Wealth management products have boomed in China over recent years as investment channels are limited and inflation is considered high.
By the end of 2012, outstanding wealth management products amounted to 7.1 trillion yuan ($1.2 trillion), higher than the 5.6-trillion-yuan fiscal revenue collected by the central government in that year, a report of China International Capital Corporation (CICC) showed.
Zeng said China launched the tightening regulations for two purposes -- safeguarding the buyer's interests and dissolving risks in the country's shadow banking system.
More Chinese customers are eyeing wealth management products to seek higher returns. There is a margin of roughly one percentage point between bank deposits and wealth management products.
But problems also emerged, with one product sold through Huaxia Bank failing to pay its return last year and another product by CITIC Trust delaying payments.
The regulation required that investment in non-standard assets should be no higher than 35 percent of the bank's total outstanding wealth management products, or no more than 4 percent of the bank's total assets at the end of the previous year, in an effort to reduce default risks.
By the end of last year, 40 percent of the outstanding wealth management products, or 2.8 trillion yuan were invested in non-standard assets, a CICC report showed.
The tightening of wealth management products also came after Chinese banks' rush to sell such off-balance-sheet products in recent years to evade regulatory oversight.
Wealth management products are believed to help channel funds to property developers and local government financing vehicles (LGFVs),raising concerns over China's shadow banking system, a fast-developing, unregulated sector.
Zeng said "standard assets," referring to financial tools traded in the inter-bank market, will be the main investment direction for wealth management products in the future, citing asset securitization products as an example.
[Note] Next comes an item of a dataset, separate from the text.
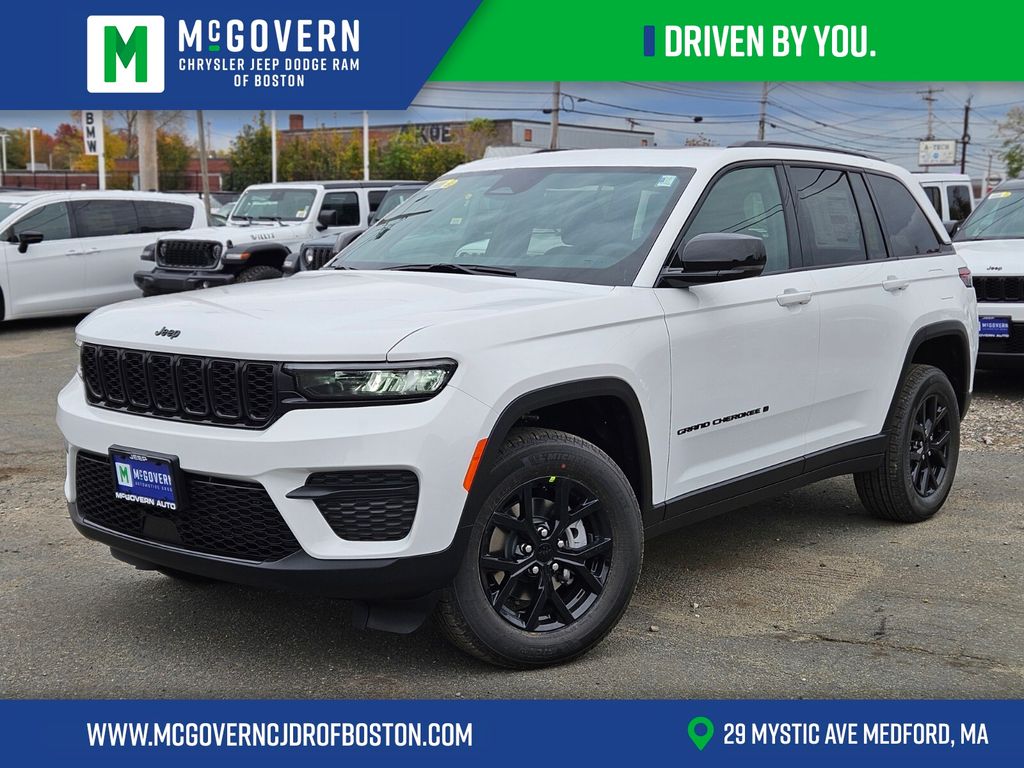 2025 Jeep Grand Cherokee Altitude's photo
"The shrinking business brought by new rules will only be temporary," said Zeng. "The new controls will push banks to be more innovative in the wealth management business, helping the sector to develop in a much healthier way."
Zeng said there is great room for wealth management products to develop in China as it has just reached a level equal to about 11 percent of the country's total outstanding yuan loans, which stood at 63 trillion yuan last year.